I know my question isn't so smart but why did they choose the following word for Ladybird or Ladybug, I mean it's obvious there should be a reason with the Torah if yes, I'd like to know.

פָּרַת מֹשֶׁה רַבֵּנוּ : ladybird


----------



## Haskol

To the best of my knowledge it comes from Yiddish. In Yiddish the animal was called that or the little Mashiach, simply naming it after Jewish religious figures that begin with an "m". This is because in European languages it is generally associated with the virgin Mary (Ladybird being short for Our Lady's bird), whose name also starts with "m".


----------



## arbelyoni

The Hebrew name is indeed a loan translation from Yiddish ("משה רבנוס קיעלע", little cow of Moshe Rabenu), which for itslef is a Judaized version of other names in Europe for the bug that bear religious associations.
The Hebrew term was probably coined in 1868 by Mendele Mokher Seforim.

Read more here and here.


----------



## MuttQuad

Here's another idea of the English names' etymology, per my dictionary: [Probably from its seven spots being considered a symbol of the seven sorrows of the Virgin Mary.]

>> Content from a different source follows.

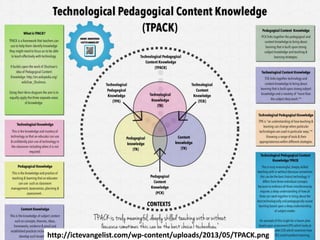 http://ictevangelist.com/wp-content/uploads/2013/05/TPACK.png
 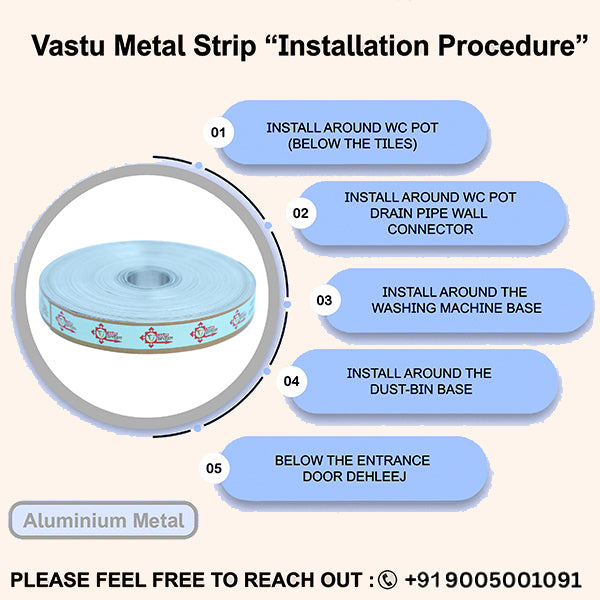 VASTU VARDAN 100 FEET ALUMINIUM STRIP 0.5 INCH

It's also known, in English, as a lady beetle.


----------



## origumi

MuttQuad said:


> [Probably from its seven spots being considered a symbol of the seven sorrows of the Virgin Mary.]

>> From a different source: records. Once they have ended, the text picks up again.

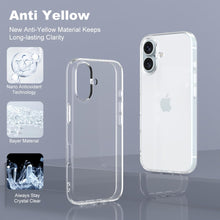 Carica l'immagine nel visualizzatore di Gallery, Captor Cover iPhone 16, Custodia Trasparente in Silicone Morbido, Protezione Fotocamera, Anti-Ingiallimento, Flessibile 
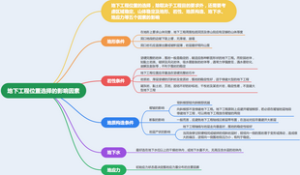 地下工程位置选择的影响因素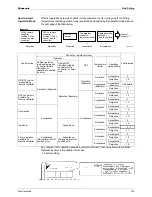 Preview for 115 page of Panasonic U-4..6ML5XPQ Service Manual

Those "7" names are funny because coccinella septempunctata (מושית השבע, ארגמנית שבע הנקודות) has 8 spots


----------



## Drink

origumi said:


> Those "7" names are funny because coccinella septempunctata (מושית השבע, ארגמנית שבע הנקודות) has 8 spots



Umm... I only see seven: http://www.zin.ru/animalia/coleoptera/images/h_800/coccinella_septempunctata_b.jpg
Also see Wikipedia: https://en.wikipedia.org/wiki/Coccinella_septempunctata


----------



## origumi

Drink said:


> Umm... I only see seven


But in the Hebrew Wikipedia:

למושית השבע שני זוגות כנפיים עדינות שצבען אדום, והן מנוקדות ב*שמונה* נקודות שחורות, ארבע על כל כנף.


----------



## Drink

origumi said:


> But in the Hebrew Wikipedia:
> 
> למושית השבע שני זוגות כנפיים עדינות שצבען אדום, והן מנוקדות ב*שמונה* נקודות שחורות, ארבע על כל כנף.

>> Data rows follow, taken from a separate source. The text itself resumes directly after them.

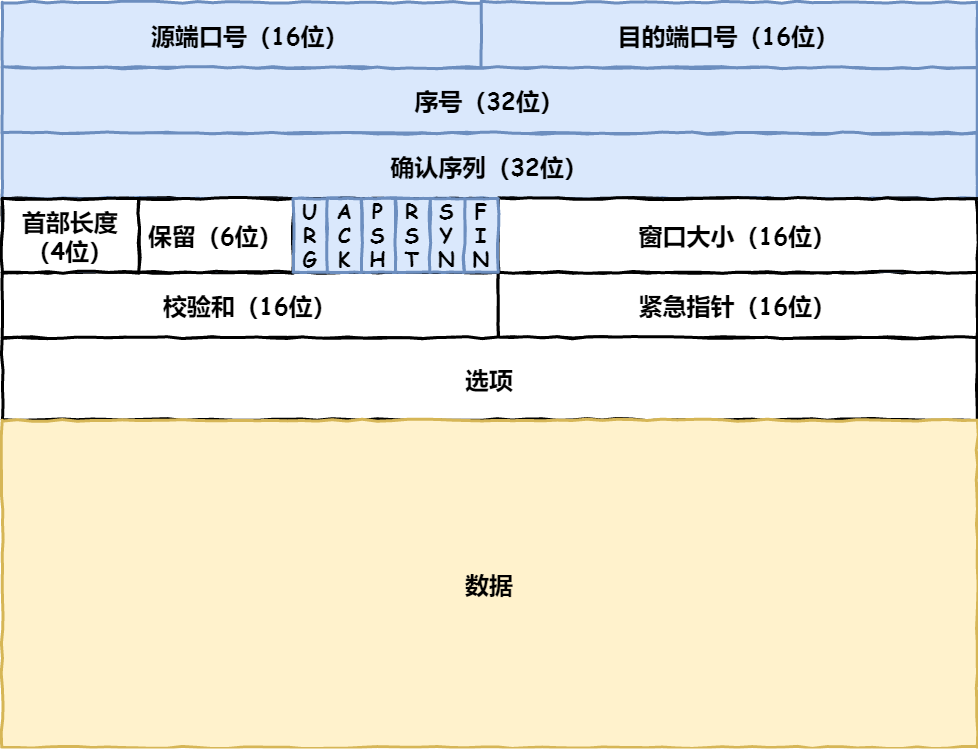 web中网址到网页显示其间发生了什么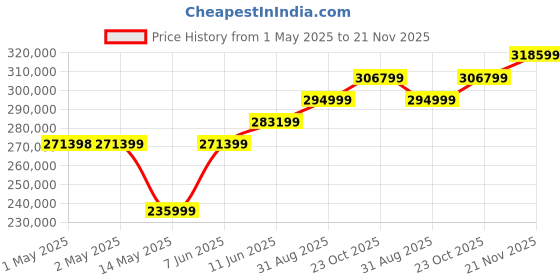 industrybuying.com B&K PRECISION LCR METER, 381 X 113 X 258MM, 3.4KG, BK891 b&k precision Price History Graph from 1 May 2025 to 21 Nov 2025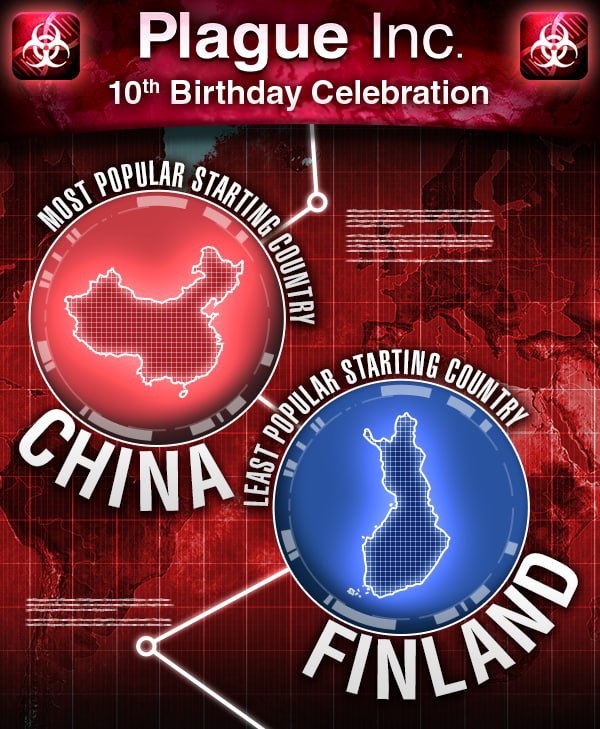 瘟疫公司投稿By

It must be a mistake, unless you count the one spot in the middle as two spots because it is divided by the wings.


----------



## origumi

Drink said:


> It must be a mistake, unless you count the one spot in the middle as two spots because it is divided by the wings.


Exactly, there are 8 spots that look like 7.


----------



## Drink

origumi said:


> Exactly, there are 8 spots that look like 7.



I would still consider it one spot.


----------